February 2011

story

In graduate school, I was trained (sort of) to write short stories. I didn’t read short stories, except in the New Yorker because it’s always lying around the house, and I was always confused by the idea of writing in this form––just as you get to know a character, the story is over. But occasionally, a story will come into my brain whole. It’s best when it’s an idea that’s like a truffle, intense, awesome but something you can’t imagine having a lot of. (Maybe the truffle comparison breaks down here. I can eat a lot of truffles.)

Anyway, I have a story idea in my mind right now, and as I’m waiting a few days to hear back from an editor on an idea I want to turn into my next book, I think I might just take a crack at it. Here’s what I’m thinking will be the opening line:

Ally, Jennifer, Kate and I were the only mothers in Classroom K-203 who took the subway into work after drop off. We started the kindergarten year bumping into one another on the platform, then waiting up when we’d see the other on the sidewalk outside school. Pretty soon we’d become a group. Except for Thursdays when Ally’s husband dropped off so she could get in early for a staff meeting, we’d meet up in the hall outside the classroom, walk together the two blocks to the F train, and talk the whole way into the city, hanging onto poles and straps as the F train labored from stop to stop, hestitating and jerking its way up ramps, into tunnels and faster and faster toward midtown where we all, the four of us, and sometimes we felt like we were the only ones––had jobs.

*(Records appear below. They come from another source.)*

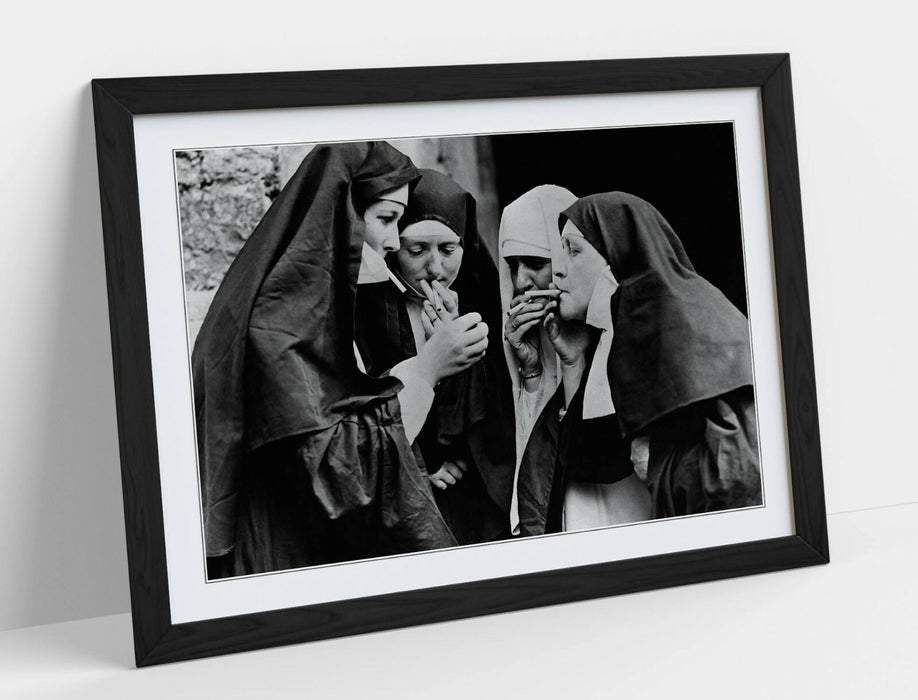 SMOKING NUNS ICONIC VINTAGE PHOTOGRAPH -FRAMED WALL ART POSTER PICTURE PRINT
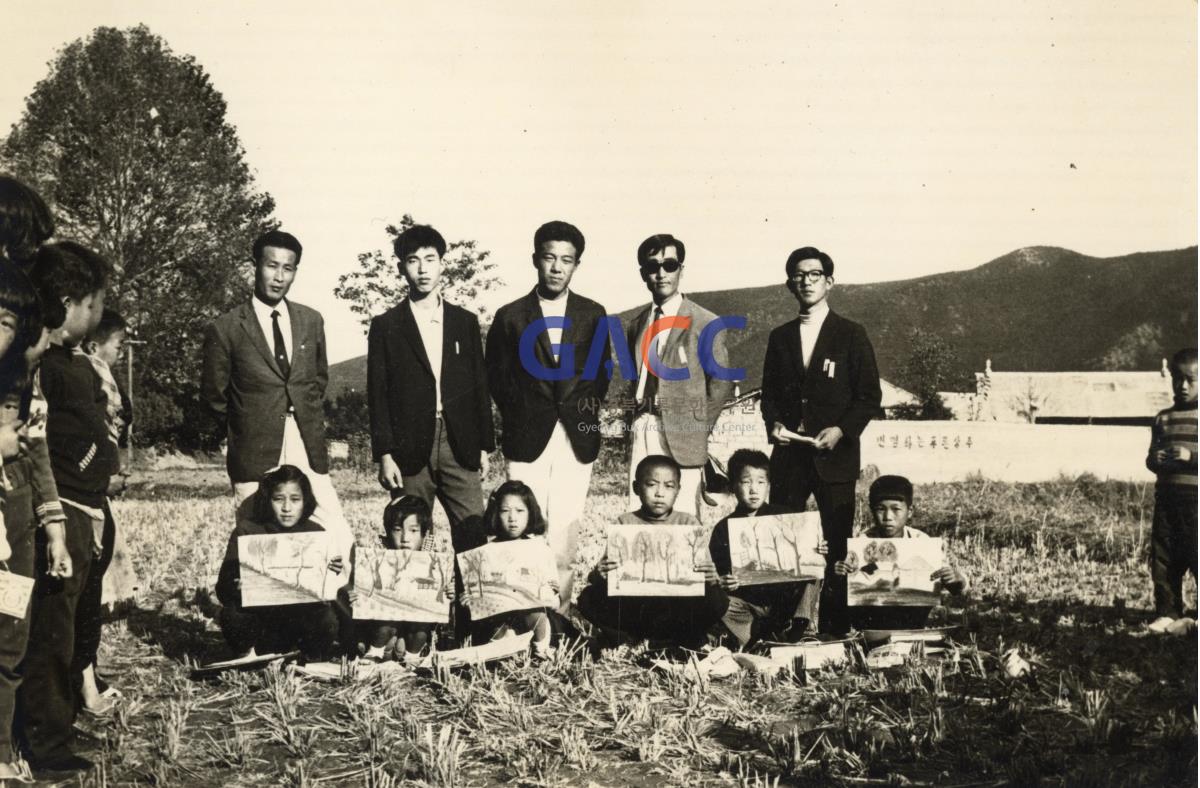 미술백일장, 솜씨 뽐내기 작은그림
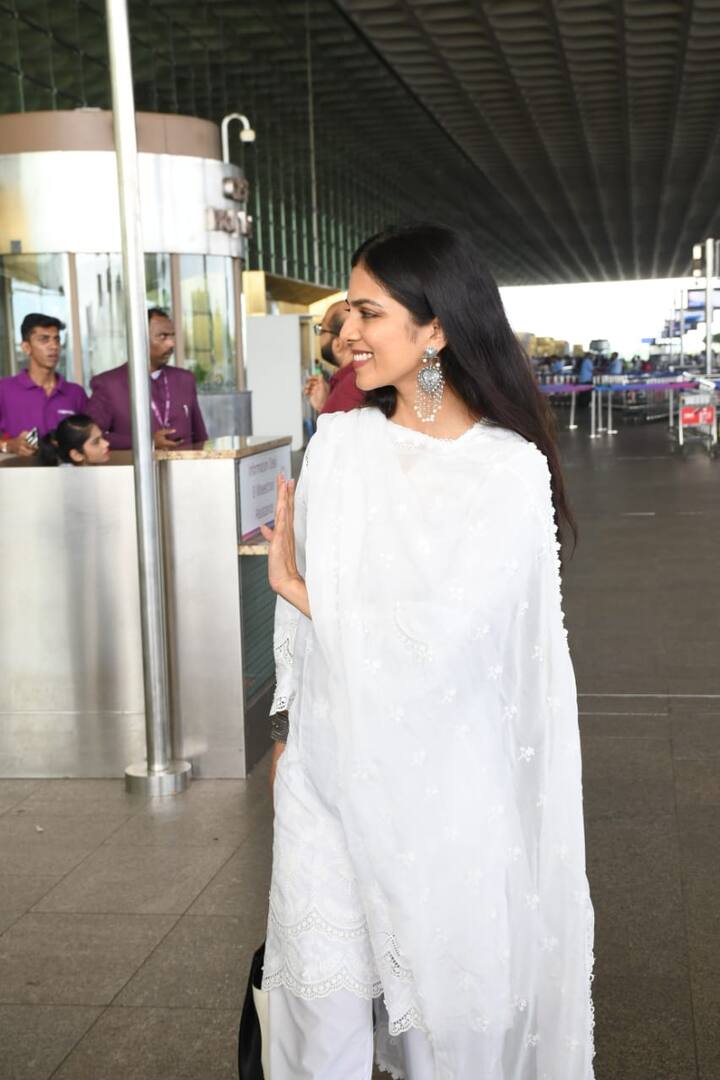 மும்பை விமான நிலையத்திற்கு இவர் செல்லும் போது புகைப்படம் எடுக்கப்பட்டுள்ளது.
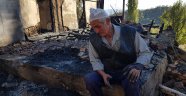 Kastamonu'da 2 katlı ev ve samanlık yangında kül oldu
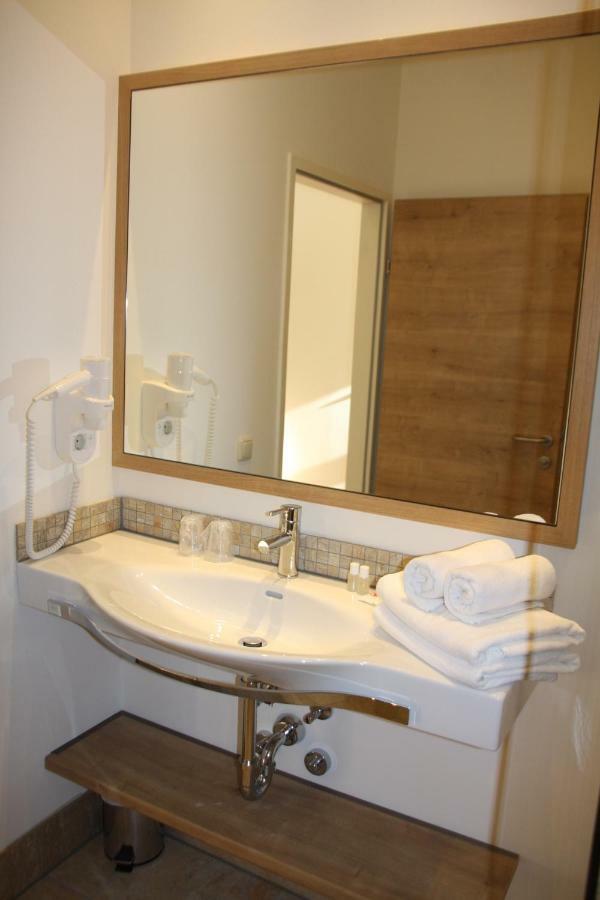 Weinhotel Rieder Пойсдорф Екстериор снимка
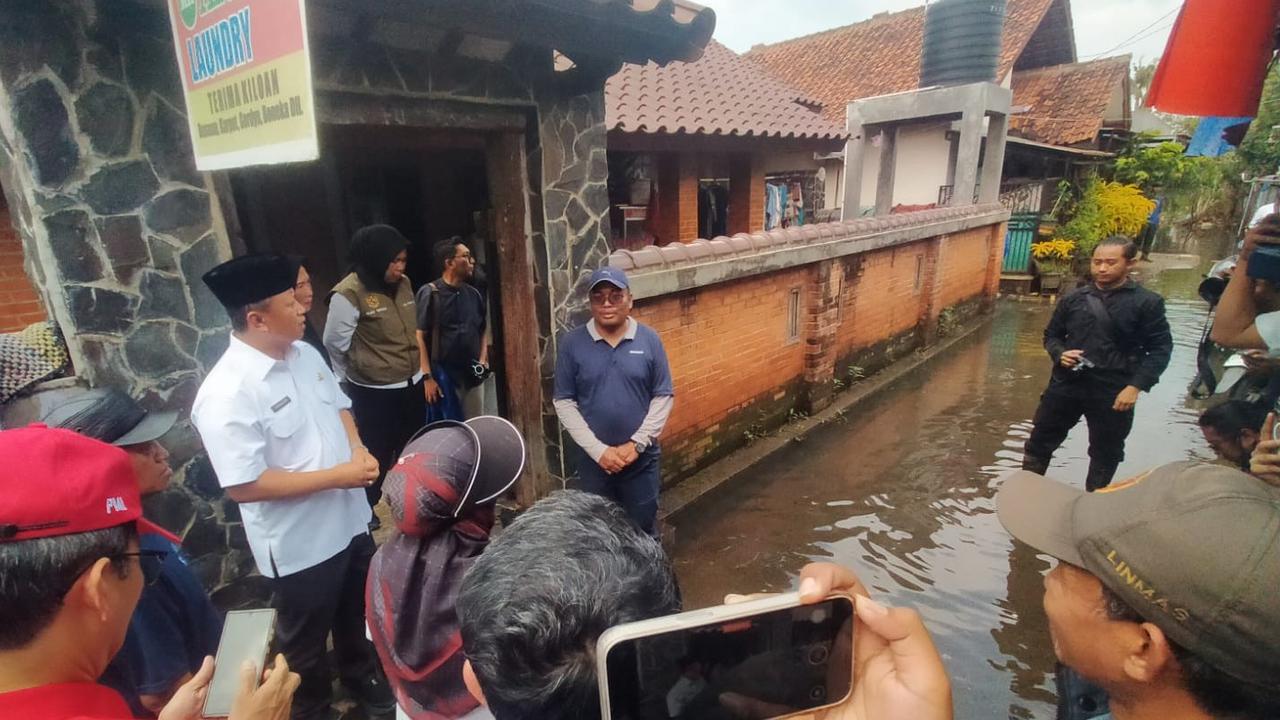 Miris, Tembok Rumah Warga Dijadikan Pembatas Saluran Air di Depok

We talked and listened. This was before any of us had had coffee, but still, these conversations were wild, as if our lives depended on it.

….

Okay! Here I go…

Feburary Bloom

This apostle plant blooms in my window at this time of year––my wedding anniversary, my daughter’s birth, Valentine’s Day.

This plant is a descendant––a cutting of a cutting of a cutting––of one that belonged to my great grandmother. Between second and sixth grades, my mother, sister and I lived in a tiny, crumbling half-a-house in downtown Princeton. It had no shower, only a claw foot tub in the tiny bathroom. My mom filled a shelf at the faucet end of the tub with a row of these plants and the stiff leaves used to rub my feet when I ducked under to rinse my hair. Terrifying. Never noticed seeing a single one bloom. But as an adult, here they are, with these gorgeous and fleeting flowers. I photograph them every time they bloom as if it’s possible to hold on.

Book Club

I started a book club of 5th and 6th graders at the school my children go to last week. We read Suzanne’s Collins’ Gregor the Overlander. It was so fun to sit around a table eating bagels talking about the parts of the story we loved or that made us mad, our favorite characters and when we cried. Next month we’re reading Laurie Halse Anderson’s Chains which I read last summer and couldn’t put down.

I put out copies of Slipping and Little Blog to show kids who were getting to know me why I’m interested in leading the club––because I want to spend time thinking about how they read. A girl, who didn’t connect the copy of Slipping with me yet, pulled the book to her chest possessively and said, “This was the BEST book.” I tried to act too cool to be thrilled, but I was THRILLED. So often the feedback comes from people I know. For a stranger to have pulled it off the shelf and then LOVED it. Nothing is better.

It’s been a tricky fall for writing, figuring out what will come next in my life, and this blog is beginning to feel somewhat fake. What purpose does it serve? I get comments every day in my inbox–all from bizarre robots trying to trick me into thinking they’ve read your posts––thanking me for the “article” and saying they will “use this information for sure in growing my business.” What business could possibly make use of my stories of learning to read as a child? No wonder our economy is going down hill!

But hearing that student’s comment gave me a boost in confidence. Slipping is a good book. I’m glad I wrote it. I’m thrilled its out in the world. Little Blog too. They are both extremely personal and I feel like I want this blog space to be that way as well.